MARIA LUÍSA ABRANTES 

Não é difícil destruir a identidade dos jovens, quando a maioria provém de gerações que nunca entraram numa escola, porque nem certidão de nascimento têm. São fantasmas vivos que não contam, porque não estão registados, porque os seus progenitores também não. Os que frequentam a escola, têm ou tiveram “professores” que não conhecem a gramática, nem no seu próprio dialecto (língua nacional).
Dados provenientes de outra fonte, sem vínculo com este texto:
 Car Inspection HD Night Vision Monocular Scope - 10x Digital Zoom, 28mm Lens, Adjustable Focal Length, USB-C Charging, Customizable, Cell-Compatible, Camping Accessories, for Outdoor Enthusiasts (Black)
Nas escolas, algumas debaixo das árvores, não têm um laboratório onde possam aprender, conceber, inventar, sonhar, brilhar e, na pior das hipóteses, obter um curso profissional. Não têm emprego, não têm pão, não têm chão.
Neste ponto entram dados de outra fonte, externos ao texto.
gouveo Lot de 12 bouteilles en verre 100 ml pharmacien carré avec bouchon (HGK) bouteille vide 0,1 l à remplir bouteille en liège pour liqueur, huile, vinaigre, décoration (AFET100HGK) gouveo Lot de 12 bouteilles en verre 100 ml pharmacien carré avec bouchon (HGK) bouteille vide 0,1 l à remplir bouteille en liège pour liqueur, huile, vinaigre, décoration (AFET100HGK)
Segundo defendeu um ex-agente da KGB, Yuri Bezmanov, “não precisas de guerra para destruir um país. Fazes com que as pessoas o destruam por dentro”, num processo com 4 fases, nomeadamente: 

1.⁠ ⁠DESMORALIZAÇÃO: “entre 15 a 20 anos, para acabar com o patriotismo, principalmente dos jovens, enfraquecendo os seus valores, como a identidade e o orgulho no país, vendendo isso como progresso. Quando alguns desses jovens chegarem ao poder, já estão moldados, não adiantando nada tentar convencê-los que estão errados”;

2.⁠ ⁠⁠DESESTABILIZAÇÃO: “dos 2 aos 5 anos, começa-se a mexer nas bases do país, nomeadamente, economia, relações externas e sistemas de defesa debilitando-os;

3.⁠ ⁠CRISE: “momento de ruptura violenta do poder com as estruturas sociais”;

4.⁠ ⁠⁠NORMALIZAÇÃO“fase final, onde esse poder impõe uma normalidade após a crise”.